Two types of observational study

  • Right now, the farmer is taking a single snapshot of their property, a survey.
  • Later, they might return to measure again over several years, a monitoring study.
  • We will come back to monitoring in the second half.

Surveys

  • A snapshot at one point in time
  • Estimate a statistic (e.g. mean)
  • Measuring species richness in a forest

Monitoring studies

  • Multiple snapshots over time
  • Estimate a change in a statistic
  • Measuring species richness before and after a fire

Choosing where to sample

Simple random sampling

The farmer needs a plan for choosing their 7 sites. The simplest approach: simple random sampling.

  • Each unit has an equal chance of being selected.
  • Randomly sample units from the entire population.
  • Like putting all names in a hat and drawing some out randomly.

What is “random” sampling?

The farmer might be tempted to just walk to convenient spots, but that would bias the sample.
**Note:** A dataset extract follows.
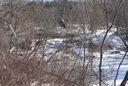 Hunter Falls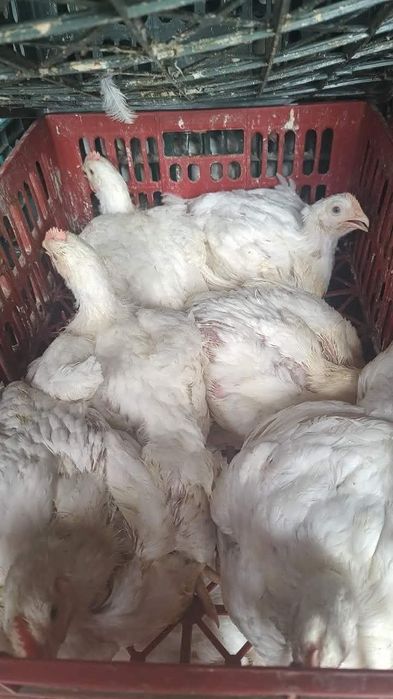 Pui alb de carne bun de sacrificat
Convenient locations are often atypical: near paths, buildings, or water sources.

So what makes a sample truly “random”?

Within a population, all units must have a probability greater than zero of being selected. Nothing can be excluded by design.

  • For simple random sampling, this probability is equal for every unit.
  • We call this probability the inclusion probability.

How do we achieve random sampling?

Random sampling requires a formal procedure, not just picking samples that “feel” representative.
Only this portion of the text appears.